If I put my name on a statement, which I always do, rather than hiding behind a nickname or anonymity, it is in my best interest to be diplomatic. The questions I ask myself before committing to a negative comment, in the blogosphere as well as in real life, include:

“Do I feel strongly enough about this subject to potentially offend an audience with my opinion?”

“Is there another way to express my opinion that will come across as less offensive?”

“Is there anything to be gained by expressing an opinion that will potentially alienate an audience? Will I bring anyone around to my way of thinking? Will I receive an obscene amount of money? Will this statement have far-reaching sociopolitical ramifications that will bring about world peace?”

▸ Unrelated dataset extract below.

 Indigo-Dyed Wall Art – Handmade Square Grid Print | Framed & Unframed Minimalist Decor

And perhaps most important of all:

“Will alienating this audience have negative consequences for me in the future?”

I recognize the power of words and their lingering effect upon those who hear and read them. I prefer to distribute them with purpose rather than squander them on less-than-worthwhile causes. I compose a great many emails, blog posts, and blog comments in the heat of the moment, which I subsequently delete without sharing because I recognize they are inappropriate.

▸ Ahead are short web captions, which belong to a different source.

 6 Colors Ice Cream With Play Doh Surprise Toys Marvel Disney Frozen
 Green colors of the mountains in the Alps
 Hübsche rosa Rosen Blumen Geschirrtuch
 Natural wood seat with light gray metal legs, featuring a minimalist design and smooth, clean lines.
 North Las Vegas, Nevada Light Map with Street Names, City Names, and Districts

I would no more visit a blog and insult the blog owner and other guests than I would enter someone’s home and say, “Ew, what is that stink?” It’s a matter of common courtesy, which, sadly, is becoming less common, particularly online.

Some will choose to portray diplomacy, tact, and courtesy as weakness in order to excuse their own lack of civility, whereas the better informed recognize these as traits possessed by those with successful interpersonal relations. It’s much easier to navigate the personal and professional seas when others don’t perceive you as antagonistic and inconsiderate. Presented with two individuals of comparable merit, one of whom has a pleasant demeanor while the other has a perpetually sour disposition, most people will choose to deal with the former.

I have enough to gain, and enough to lose, that I make a conscious effort to be the former.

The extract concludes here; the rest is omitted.